July 17, 2012
All Missouri counties declared disaster areas due to ongoing drought
Gov. Nixon surveys impact of extremely dry conditions on farms, communities throughout Missouri
BOLIVAR, Mo. - Gov. Jay Nixon today surveyed the severe drought conditions devastating crops and livestock throughout the state. The tour of hard-hit areas began this morning in northeast Missouri at a farm near Ewing, Mo., followed by tours of farms in Tarkio and Bolivar this afternoon.
"My administration will continue to work with Missouri farmers as they endure a drought that is severely affecting our crops and livestock," Gov. Nixon said. "Today, Secretary Vilsack issued that designation so farmers in all 114 counties affected by drought will have access to low-interest loans and other assistance to help them recover.

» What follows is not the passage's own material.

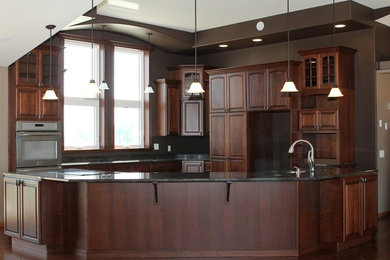 Inspiration for a mid-sized timeless l-shaped dark wood floor eat-in kitchen remodel in Other with an undermount sink, raised-panel cabinets, dark wood cabinets, granite countertops, stainless steel appliances and an island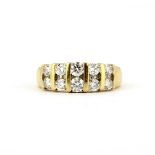 An 18ct yellow gold (stamped 18k) set with two rows of brilliant cut diamonds, (M.5).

As a state, we will continue to stand with Missouri farmers at every step of this disaster and throughout the recovery process. Together, we will ensure that a strong agriculture industry remains the backbone of Missouri's economy."
While near Bolivar, Mo. this afternoon, Gov. Nixon toured the Wheeler family farm and met with Monte and Mary Wheeler, as well as other area farmers to assess the hardships they have faced so far during these extremely dry conditions. The Wheeler family raises cattle on 300 acres in Polk County and has been greatly affected by shortages of pasture and hay.
The Governor also said it was important to remember that the hardships for farmers also are coming at the same time that the prolonged heat and drought have led to hundreds of fires across the state.
"I've stood up the State Emergency Management Agency for the coordination of the state response to the fires, and we've seen hundreds of firefighters, both professional and volunteer, as well as conservation agents and others, responding to these threats with tireless efforts," Gov. Nixon said. "The long-range forecast means not only will our fire responders need to continue their vigilance, Missouri farmers also must be ready for the long haul with this weather, even as we head into harvest season."
All 114 of Missouri's counties have received disaster designations resulting from drought, providing farmers there with access to low interest loans and other assistance to help them recover from losses. Because it is contiguous to St. Louis County, the City of St. Louis also has been designated.
A disaster designation allows eligible farmers to be considered for assistance from the USDA Farm Service Agency (FSA), including FSA emergency loans.
In addition to keeping an eye on crops and livestock, producers should document any losses or additional costs experienced as a result of weather events, including drought. That information is often required for producers to be eligible for physical and/or production loss loan assistance from the FSA, as well as other assistance programs.
Missouri also has a hay directory for livestock producers as well as other information and resources online at MO.gov.